Когда Сталин утверждал, что «язык <…> связан <…> со всякой <…> деятельностью человека во всех сферах его работы – от производства до базиса, от базиса до надстройки» [Сталин 1953: 11], но не исчерпывается функционированием базиса и надстройки, он опирался на мысли Маркса, согласно которым язык есть непосредственная действительность мысли. Сталин считал: «…оголенных мыслей, не связанных с языковым материалом, не существует у людей, владеющих языком» [Там же: 45]; обратную позицию генсек обвинял в идеализме. При этом Сталин признавал иные формы мышления у людей с ограниченными возможностями:
…глухонемые лишены языка, их мысли не могут возникать на базе языкового материала. […] Мысли глухонемых возникают и могут существовать лишь на базе тех образов, восприятий, представлений, которые складываются у них в быту о предметах внешнего мира и их отношениях между собой благодаря чувствам зрения, осязания, вкуса, обоняния. Вне этих образов, восприятий, представлений мысль пуста [Там же: 47].
Одних Сталин считал «нормальными людьми, владеющими языком», других – «аномальными, глухонемыми, не имеющими языка» [Там же: 46]. Таким образом, у нормальных людей мысль существует не в образах восприятия, а только в языке, у аномальных, напротив, мысль существует только в образах восприятия. Не вдаваясь в лингвистические и анатомические нюансы этой схемы, легко увидеть, что в ней язык заменяет «нормальным людям» данные восприятия, следовательно, преломляет/искажает действительность ровно как качество зрения или слуха.
Наконец, критикуя марризм, Сталин в сотый раз вернулся к обличению догматизма, традиционному еще для дореволюционного большевизма. На этот раз вождь отвечал некоему А. Холопову:
Из статьи Вашей я понял, что от скрещивания языков никогда не может получиться новый какой-то язык, а до статьи твердо был уверен, согласно Вашему выступлению на XVI съезде ВКП(б), что при коммунизме языки сольются в один общий […] Товарищ Холопов и не догадывается, что обе формулы могут быть правильными, – каждая для своего времени.

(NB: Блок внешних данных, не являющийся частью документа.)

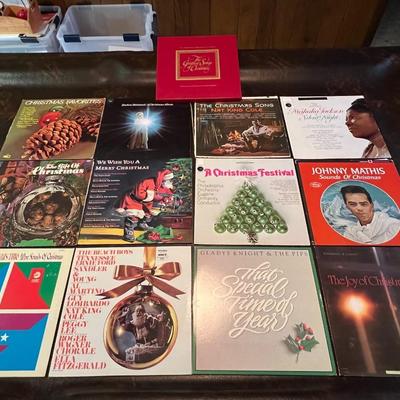 Vintage Holiday Vinyls Lot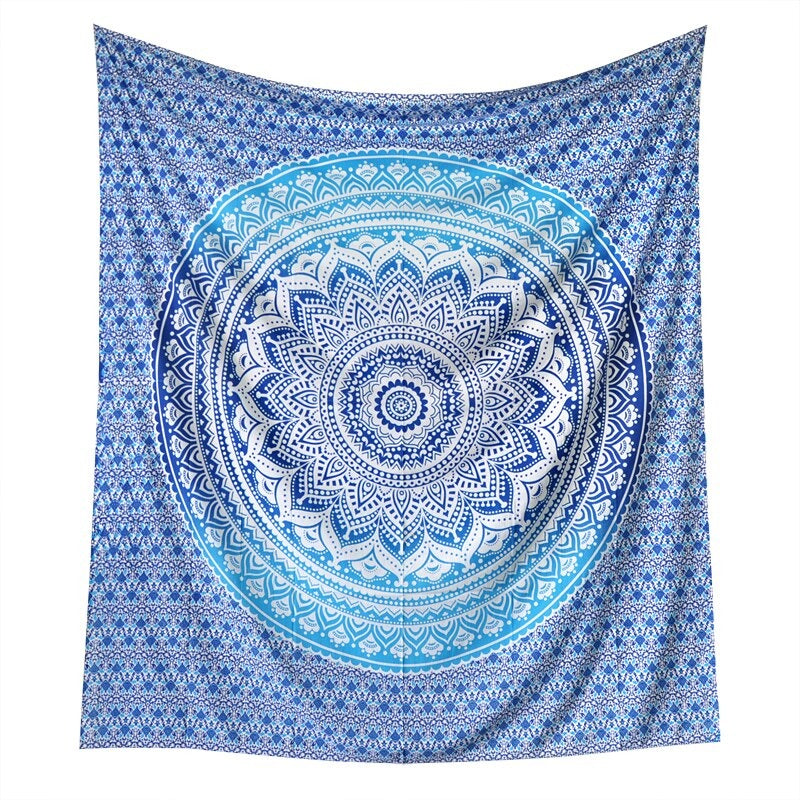Tenture Coton Mandala Bleu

Так бывает всегда с начетчиками и талмудистами, которые, не вникая в существо дела и цитируя формально, безотносительно к тем историческим условиям, о которых трактуют цитаты, неизменно попадают в безвыходное положение [Там же].
Далее генсек разъяснял, как и почему цитаты, сталкиваемые Холоповым, не содержат противоречия, но важно другое: Сталин говорил о принципиальной относительности слов, их решающей зависимости от контекста.